Lucy exhaled, then nodded.

She held her hand with the flowers over the water.

Then slowly let them go.

The wind caught the grassier, lighter ones, wafting them gently down to the lake below.

“Goodnight, Glen,” she said softly. “I hope you’re listening to an even more beautiful kind of music now.”

Then, with Ace’s help, she rose, brushed off her trousers, and slipped into her lover’s embrace.

As the sky turned dark, they turned and walked together, still hand in hand, back to the town, now no longer east or west.

Just Obergrande.

Chapter 32


Danville, Virginia

L
ouie, the manager
of the Mountaintop Café, nodded to Sam, who had just started refilling all the salt and pepper shakers from the morning rush.

“Table Eleven,” he said, looking up from the newspaper behind the counter.

Sam exhaled and grabbed an ice water, then headed toward the booth where a man sat with his back to her, his hair rumpled above a similarly rumpled shirt.

Great,
she thought,
a singleton.
A low-paying table, almost not worth the interruption.

She placed the water down in front of the customer along with a menu, then pulled out her pad.

“Coffee?”

The man looked up, his face sallow, the bags under his eyes dark.

“Yes, please—cream, no sugar.”

Sam exhaled again, this time angrily.

“You can’t take a hint, can ya, Germ?” she said tersely. “I’m not sure how much more clear I could have been.”

“I heard ya,” Jeremy said, wiping his nose with the back of his sleeve. “It’s worth beggin’ if you’d reconsider.”

Sam looked back over her shoulder. Louie was deeply engrossed in the comics.

“Why the hell
should
I?” she whispered fiercely as she bent close enough for him to hear.

“You prolly shouldn’t,” he agreed. “But I’m prayin’ ya do, because I love you and I can’t live without you.”

Sam stood straight up.

She walked rapidly away from his table, back to the kitchen window.

And returned a moment later with coffee with cream, no sugar.
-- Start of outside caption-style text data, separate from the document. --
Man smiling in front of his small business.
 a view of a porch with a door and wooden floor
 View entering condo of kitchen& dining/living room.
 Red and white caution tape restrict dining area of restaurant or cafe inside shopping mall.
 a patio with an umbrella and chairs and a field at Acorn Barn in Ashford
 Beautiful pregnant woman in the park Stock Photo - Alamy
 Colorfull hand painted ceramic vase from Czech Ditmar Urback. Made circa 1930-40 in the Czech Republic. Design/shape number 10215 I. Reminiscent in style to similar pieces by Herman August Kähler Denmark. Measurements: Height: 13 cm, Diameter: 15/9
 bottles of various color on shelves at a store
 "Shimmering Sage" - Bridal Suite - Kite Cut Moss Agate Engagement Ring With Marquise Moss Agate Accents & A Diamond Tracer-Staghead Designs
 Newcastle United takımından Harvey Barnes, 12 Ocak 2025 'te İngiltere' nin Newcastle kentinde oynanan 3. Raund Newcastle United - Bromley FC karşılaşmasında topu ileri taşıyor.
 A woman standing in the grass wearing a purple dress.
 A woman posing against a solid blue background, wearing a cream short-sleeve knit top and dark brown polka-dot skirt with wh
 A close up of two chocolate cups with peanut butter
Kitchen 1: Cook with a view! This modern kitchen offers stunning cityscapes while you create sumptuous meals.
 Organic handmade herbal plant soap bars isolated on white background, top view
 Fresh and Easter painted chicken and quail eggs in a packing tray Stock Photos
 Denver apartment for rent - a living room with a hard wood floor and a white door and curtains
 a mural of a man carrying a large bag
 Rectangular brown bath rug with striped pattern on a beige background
She set it on the table in front of him.

“Thanks,” Jeremy said, lifting the cup to his lips. “Are you about finished with your shift?”

“Do you want anything else?”

“Nope—just to talk to you.”

Sam exhaled deeply for a third time in the last few minutes. Her head was starting to feel light.

“My tables were all clean before you sat down,” she said, trying to sound petulant but failing. “Once the salt and peppers are done, and you’re gone, I’m done.”

“Go fill ’em while I drink this swill down. Then we can get outta here.”